The match formats of freestyle wrestling vs Greco Roman wrestling

Freestyle and Greco Roman wrestling actually have the same match format.

  • 3 periods
  • 2 minutes a piece
  • 30 second break between rounds
  • Win by pins, technical fall, or points 

The point systems of freestyle wrestling vs Greco Roman wrestling 

Freestyle wrestling point system 

  • Takedown with no back exposure: 1 point
  • Takedown below the waist with back exposure: 3 points
  • A throw from the feet to the floor with back exposure: 3-5 points
  • Nearfalls: 1 point
  • Turning opponent’s shoulders to the mat: 1/2 point
  • Pushouts or stepping out of bounds: 1 point

Greco Roman wrestling point system

  • Takedown with no back exposure: 1 point
  • Takedowns below the waist: Illegal
  • Takedowns from the feet to the back: 3-5 points
  • Nearfall: 1 point
  • Turning opponent’s shoulders to the mat: 1/2 point
  • Escape: 1 point
  • Pushout or step out of bounds: 1 point

Ways to win in freestyle wrestling vs Greco Roman Wrestling

Ways to win in freestyle wrestling 

  • Pin
  • Technical Fall
  • Points
  • Default
  • Disqualification

Ways to win in Greco Roman Wrestling

  • Pin 
  • Technical Fall
  • Points
  • Default 
  • Disqualification

The similarities between freestyle wrestling and Greco Roman wrestling

While freestyle and Greco Roman wrestling do seem very different, the two styles do have some similarities between each other. Here are some of the most notable similarities that the two styles of wrestling share.

Same match formats

Both freestyle and Greco Roman wrestling have the same match formats. Two periods of three minutes with a thirty second break in between.

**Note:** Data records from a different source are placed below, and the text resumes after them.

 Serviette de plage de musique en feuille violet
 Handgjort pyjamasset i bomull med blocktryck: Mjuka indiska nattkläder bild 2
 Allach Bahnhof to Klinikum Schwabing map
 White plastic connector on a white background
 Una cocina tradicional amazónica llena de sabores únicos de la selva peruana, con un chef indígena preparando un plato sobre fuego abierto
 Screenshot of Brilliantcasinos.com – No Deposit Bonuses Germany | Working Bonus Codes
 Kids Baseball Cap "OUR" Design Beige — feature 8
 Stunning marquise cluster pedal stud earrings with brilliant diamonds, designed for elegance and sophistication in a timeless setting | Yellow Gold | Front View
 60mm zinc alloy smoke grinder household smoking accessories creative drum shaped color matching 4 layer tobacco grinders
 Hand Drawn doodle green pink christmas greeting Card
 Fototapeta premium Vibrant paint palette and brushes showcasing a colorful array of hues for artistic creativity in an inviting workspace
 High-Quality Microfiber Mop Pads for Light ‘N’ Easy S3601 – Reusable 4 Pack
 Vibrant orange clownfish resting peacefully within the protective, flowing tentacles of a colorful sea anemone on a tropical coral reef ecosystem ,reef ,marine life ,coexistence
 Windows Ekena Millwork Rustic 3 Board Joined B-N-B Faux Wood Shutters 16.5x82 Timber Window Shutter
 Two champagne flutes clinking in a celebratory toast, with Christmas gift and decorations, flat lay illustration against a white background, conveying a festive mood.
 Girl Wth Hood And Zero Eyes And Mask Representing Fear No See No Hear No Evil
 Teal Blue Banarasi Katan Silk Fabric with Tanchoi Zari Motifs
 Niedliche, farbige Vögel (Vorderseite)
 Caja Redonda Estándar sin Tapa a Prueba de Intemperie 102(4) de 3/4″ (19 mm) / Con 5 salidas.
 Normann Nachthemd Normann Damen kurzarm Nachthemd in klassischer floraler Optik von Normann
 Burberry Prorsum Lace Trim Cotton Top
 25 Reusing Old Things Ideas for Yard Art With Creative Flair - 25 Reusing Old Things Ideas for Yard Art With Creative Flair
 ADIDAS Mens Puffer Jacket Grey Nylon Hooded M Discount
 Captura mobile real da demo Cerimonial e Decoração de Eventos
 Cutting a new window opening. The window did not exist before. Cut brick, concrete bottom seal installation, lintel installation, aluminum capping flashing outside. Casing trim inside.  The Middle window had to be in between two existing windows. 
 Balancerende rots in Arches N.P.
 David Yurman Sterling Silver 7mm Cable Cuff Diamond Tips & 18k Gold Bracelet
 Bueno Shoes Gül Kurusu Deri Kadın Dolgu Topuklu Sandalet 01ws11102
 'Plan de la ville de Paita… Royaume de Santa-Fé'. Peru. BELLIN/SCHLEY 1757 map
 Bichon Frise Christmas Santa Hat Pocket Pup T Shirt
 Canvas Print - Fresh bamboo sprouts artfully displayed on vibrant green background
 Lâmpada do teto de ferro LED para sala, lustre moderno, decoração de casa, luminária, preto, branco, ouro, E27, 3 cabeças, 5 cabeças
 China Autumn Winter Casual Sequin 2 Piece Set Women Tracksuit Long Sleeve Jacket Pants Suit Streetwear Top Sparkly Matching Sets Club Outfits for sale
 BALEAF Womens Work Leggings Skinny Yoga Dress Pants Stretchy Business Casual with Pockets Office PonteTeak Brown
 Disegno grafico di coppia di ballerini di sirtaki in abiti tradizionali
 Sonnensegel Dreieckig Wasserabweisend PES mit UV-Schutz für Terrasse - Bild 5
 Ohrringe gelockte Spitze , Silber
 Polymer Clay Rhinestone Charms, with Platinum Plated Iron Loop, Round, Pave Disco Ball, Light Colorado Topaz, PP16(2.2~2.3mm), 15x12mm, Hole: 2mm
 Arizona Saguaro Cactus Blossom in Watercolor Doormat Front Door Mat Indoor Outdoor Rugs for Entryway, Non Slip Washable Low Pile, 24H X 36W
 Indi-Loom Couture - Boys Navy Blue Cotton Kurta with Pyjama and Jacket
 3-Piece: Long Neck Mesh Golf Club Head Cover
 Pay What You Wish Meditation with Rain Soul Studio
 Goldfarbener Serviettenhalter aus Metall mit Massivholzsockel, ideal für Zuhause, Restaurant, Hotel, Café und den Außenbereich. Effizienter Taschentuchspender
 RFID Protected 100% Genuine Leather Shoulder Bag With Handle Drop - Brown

They start in a neutral position and then each wrestler starts in a dominant riding position in the second round.

Same ways to win

The methods of victory are the same in both styles of wrestling. Pin technical fall, points, default, or disqualification.

Rules for locking hands

You can lock your hands together on an opponent at any point during either type of match. This is different than in folkstyle wrestling, where you can only lock your hands during pin attempts.

Technical Superiority

You can win in both styles of wrestling by gaining a six point lead on your opponent at any point of a match.

Both are Olympic sports

Both freestyle and Greco Roman wrestling are both official Olympic sports. They are the only styles of wrestling to have this honor.

The difference between freestyle wrestling and Greco Roman wrestling

Freestyle and Greco Roman wrestling have one big difference and that is the rules of their competition. In freestyle wrestling, you can take your opponent down by attacking their upper or lower body.

Greco Roman’s rules state that wrestlers can only do techniques from the waist up. Making sprawls non-existent within Greco Roman wrestling.

How has freestyle and Greco Roman wrestling affected MMA

Wrestling as a whole, which includes freestyle and Greco Roman changed the landscape of MMA. They showed the importance of knowing how to land takedowns, defend them, and control an opponent on the ground.

Statistically, there have been more wrestlers to win championships than any other fighting discipline. A fighter with a background in either freestyle or Greco Roman wrestling will have an advantage over their competition.